The Imperial French/Burgundian/
whatever you may wanna call it culture would be one of the rather obvious results of a redefinition of culture, and it would be one that I would be pleased to see, yes

The difficult question here is how far we have the culture extend, and that depends on the exact general model of culture that we employ. We have two possibilities:
a) a strict legitimacy model, i.e. a separate culture is only given to separate political and legal entities (EDIT: or perhaps better, as Norrefeldt put it, areas with a separate political and legal culture). Under this model, the culture would only be justifiable as "Burgundian" culture for the Kingdom of Burgundy, which covers the EU2 provinces of Provence, Dauphiné, Savoie and Franche Comté. Lorraine and Luxembourg would have to be German then.

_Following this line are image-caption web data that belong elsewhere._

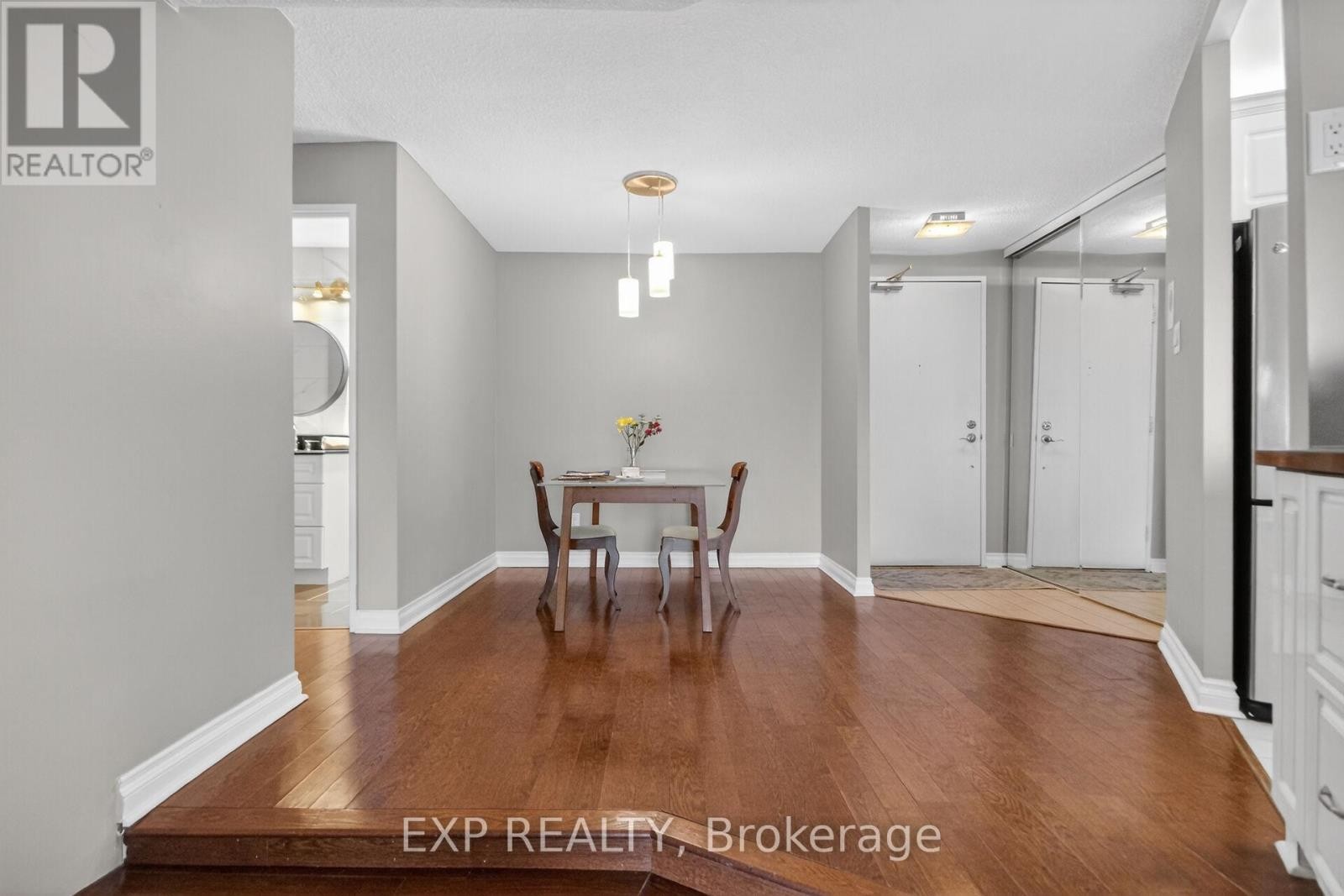 












2009 - 1171 AMBLESIDE DRIVE

,
Ottawa,




Ontario
K2B8E1

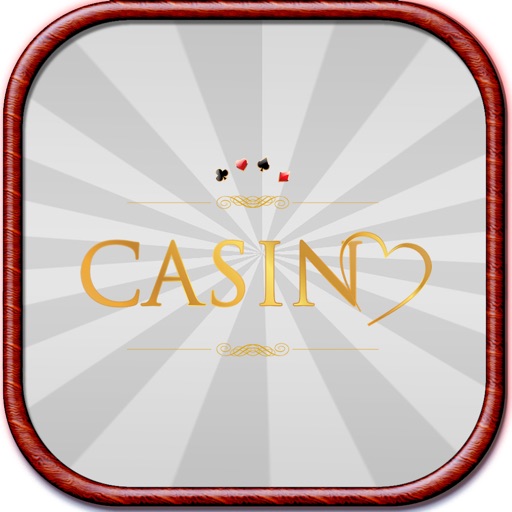 Best I Love Lucy Heart of Vegas Casino - Play Free Slot Machines, Fun Vegas Casino Games - Spin & Win!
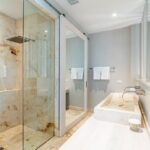 listing image thumbnail with ID 96503
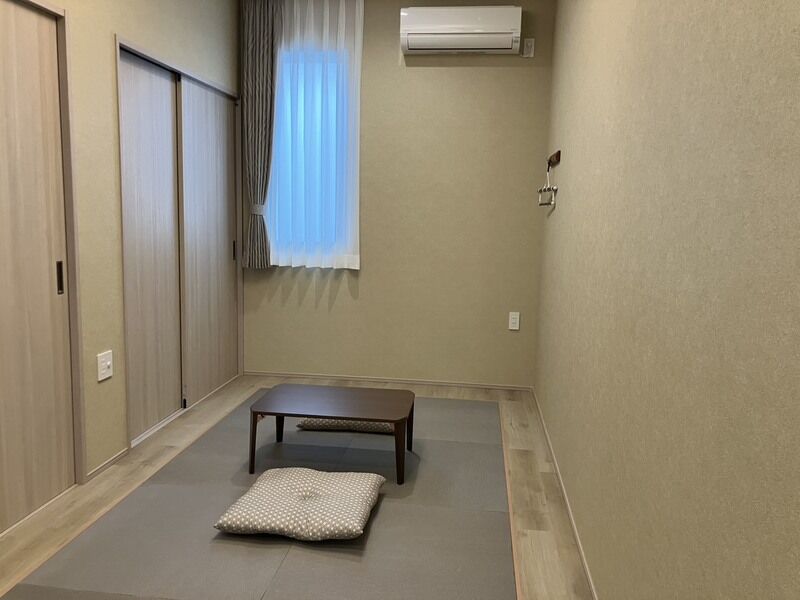 メモリーハウス 和歌山県庁前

b) a combined model taking into account both legitimacy and language/ethnicity/"nationality" and distributing culture on a less general and more case-to-case base, depending on which of these factors was more important (in the sense of resulting in the ingame effects of culture) in a given area and on which setup is most desirable for game balance and the game flow. Here, we could construe an "Imperial French" culture for the provinces that had a majority of French-speakers, but were part of the HRE and used to imperial law
I'm inclined to prefer the second model actually, simply because I think it would be unwise to implement "ugly" cultural setups just for the sake of sticking to a fixed principle. The advantage of the "Imperial French" solution is that it would allow to make Luxembourg a state culture province for Burgundy and Spain as well, which will strengthen Burgundy and make the province worth keeping and fighting for for Spain.
The drawback of a combined model is of course a loss of clearness and consistency.